(Stored data)
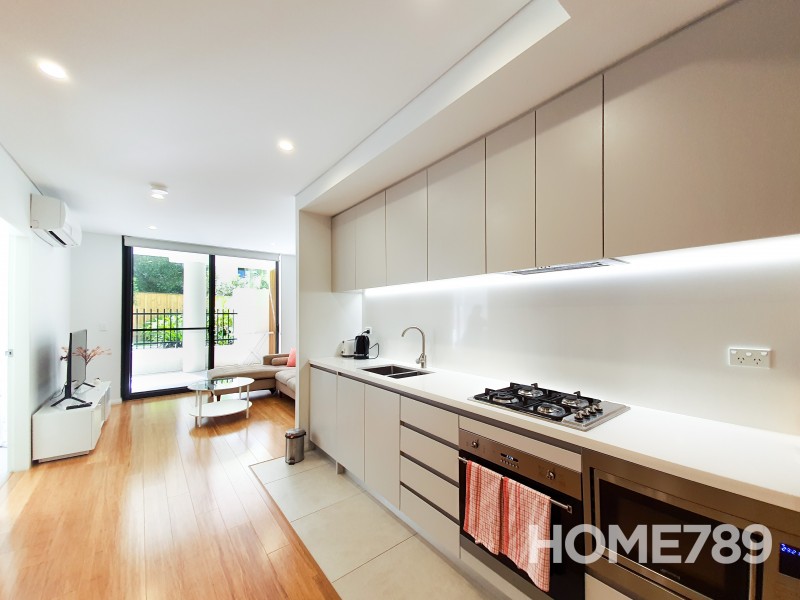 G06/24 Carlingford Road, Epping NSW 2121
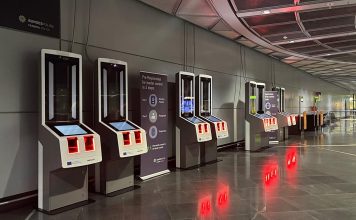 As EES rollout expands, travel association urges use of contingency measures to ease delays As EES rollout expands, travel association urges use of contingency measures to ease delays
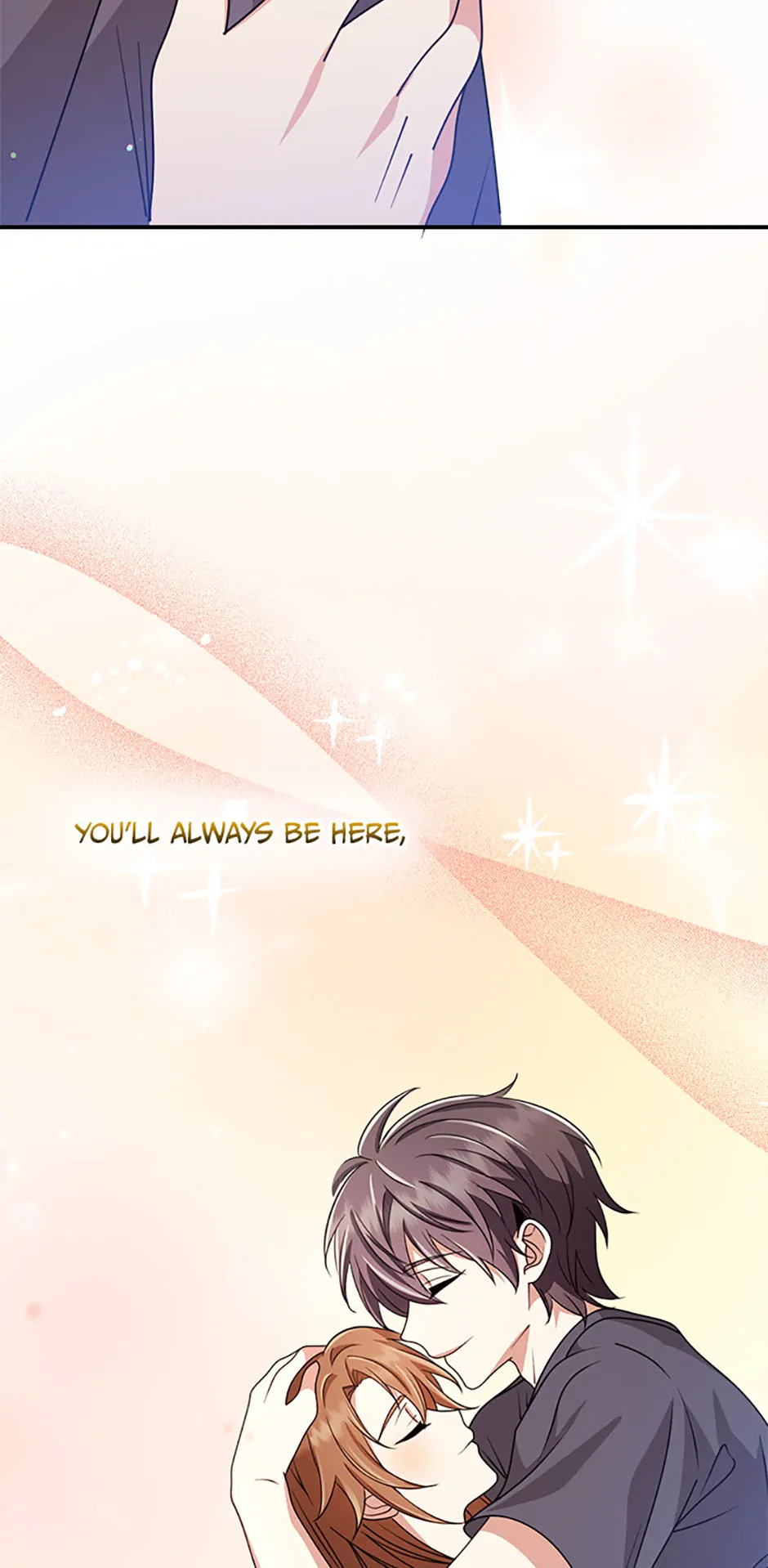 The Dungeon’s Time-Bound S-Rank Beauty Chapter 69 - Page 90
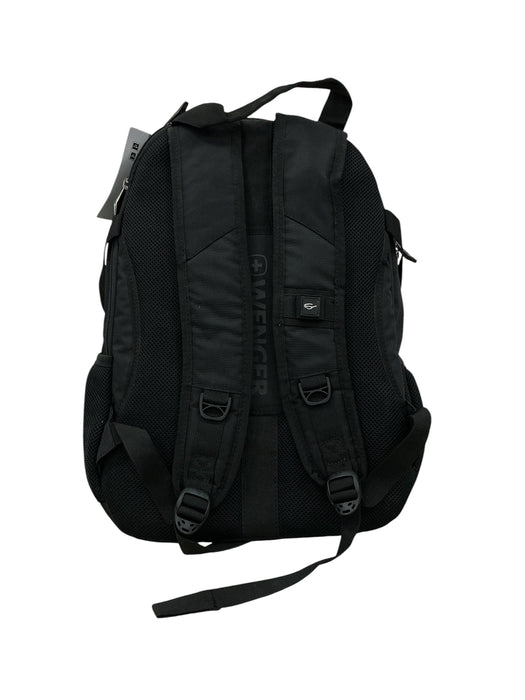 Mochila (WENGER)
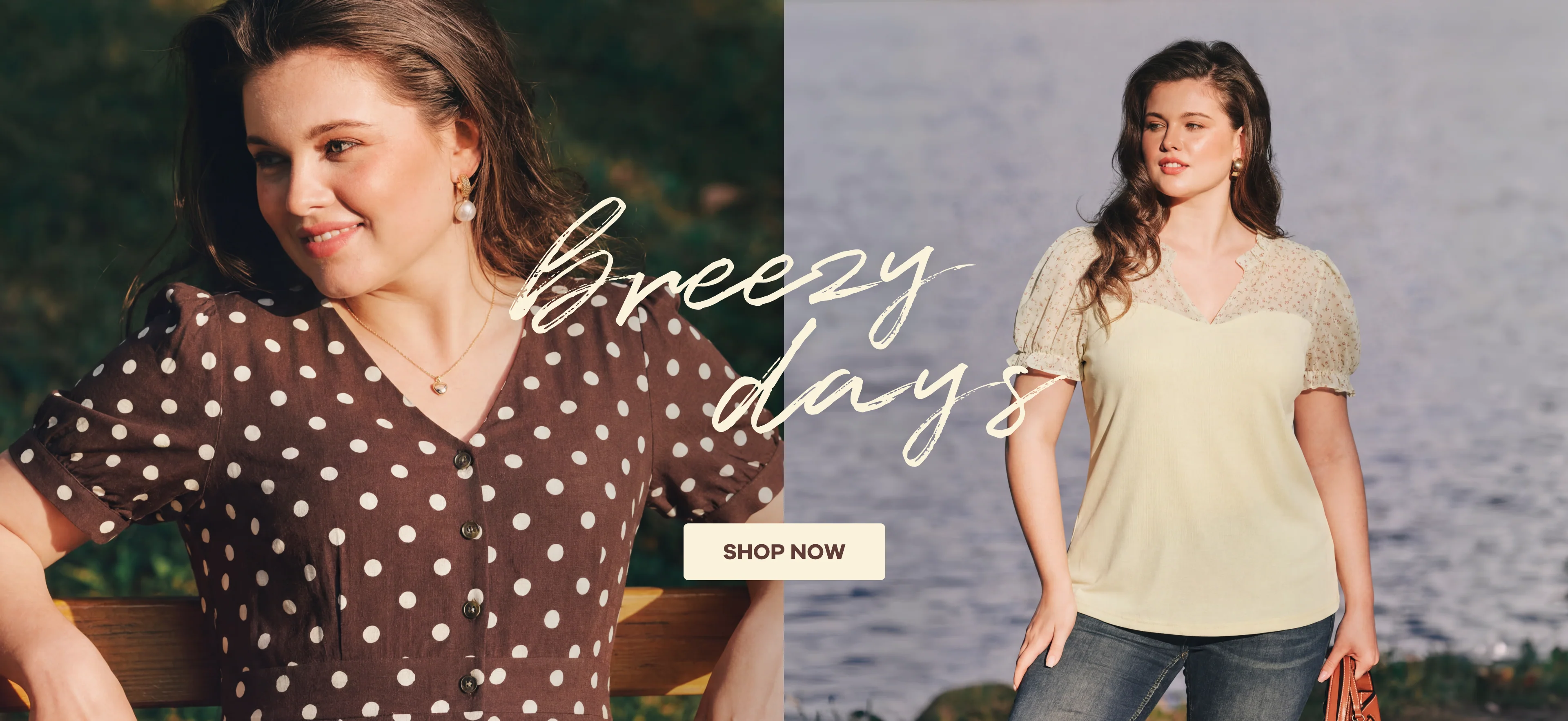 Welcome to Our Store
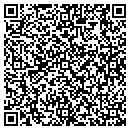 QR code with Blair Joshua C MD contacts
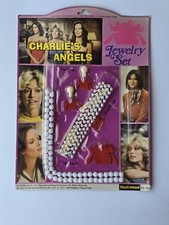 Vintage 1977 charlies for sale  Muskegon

Exercise
Please reproduce, word for word, every line from the first line of the records above through the line containing "Mochila (WENGER)", and leave out the pictures.

Solution for this task
 G06/24 Carlingford Road, Epping NSW 2121
 As EES rollout expands, travel association urges use of contingency measures to ease delays As EES rollout expands, travel association urges use of contingency measures to ease delays
 The Dungeon’s Time-Bound S-Rank Beauty Chapter 69 - Page 90
 Mochila (WENGER)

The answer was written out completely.